Stored data entries:
******

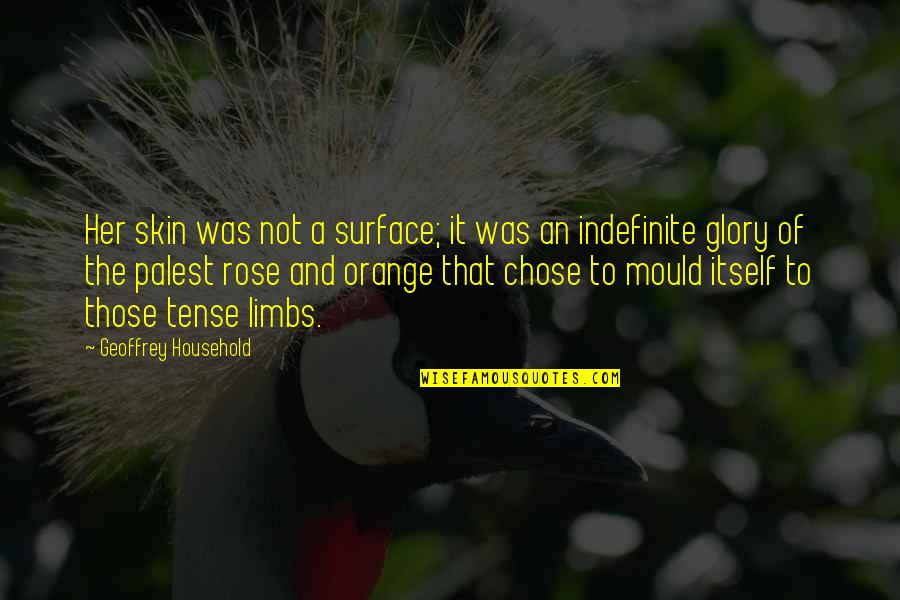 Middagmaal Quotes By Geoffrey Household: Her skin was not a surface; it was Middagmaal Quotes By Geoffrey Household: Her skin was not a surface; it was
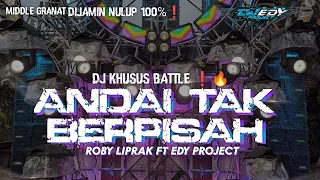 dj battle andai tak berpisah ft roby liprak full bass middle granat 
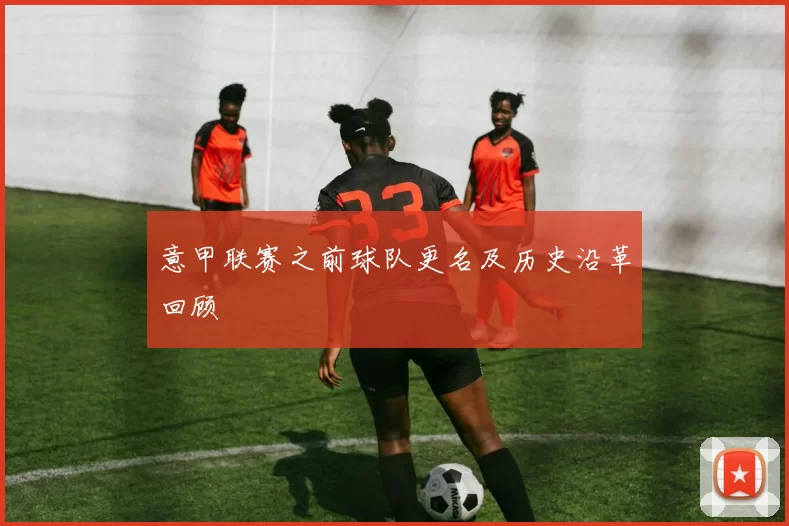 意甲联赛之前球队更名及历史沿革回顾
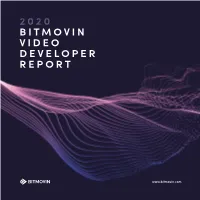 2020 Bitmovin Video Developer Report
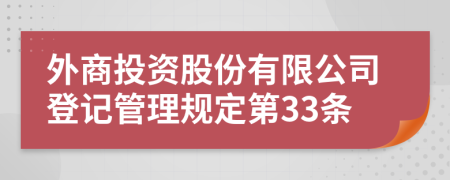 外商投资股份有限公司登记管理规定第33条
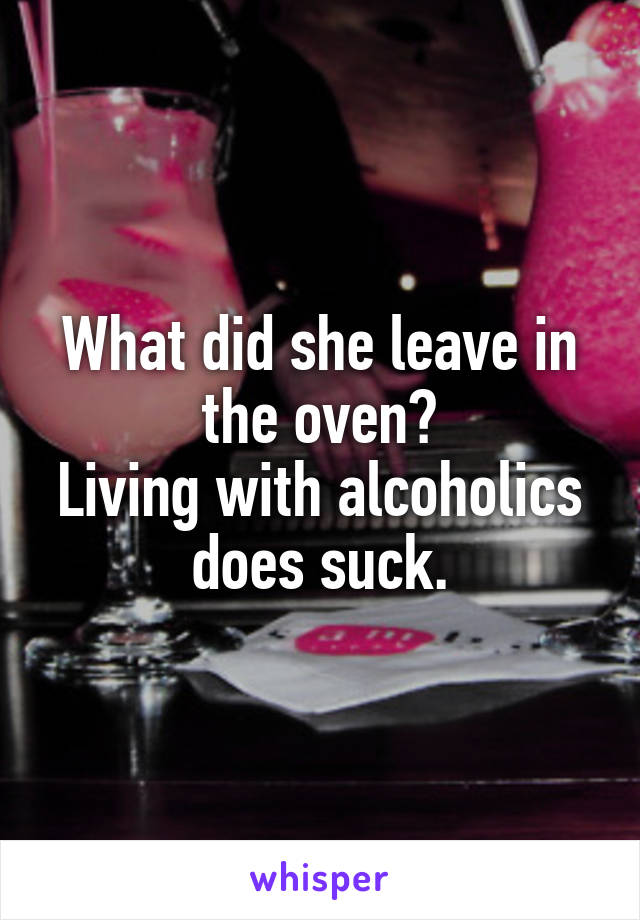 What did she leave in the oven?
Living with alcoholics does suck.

******

EXERCISE GOAL: Output exactly the lines from the line with "dj battle andai" to the last line of the records, including both, and leave every picture out.

COMPLETED EXERCISE:
 dj battle andai tak berpisah ft roby liprak full bass middle granat 
 意甲联赛之前球队更名及历史沿革回顾
 2020 Bitmovin Video Developer Report
 外商投资股份有限公司登记管理规定第33条
 What did she leave in the oven?
Living with alcoholics does suck.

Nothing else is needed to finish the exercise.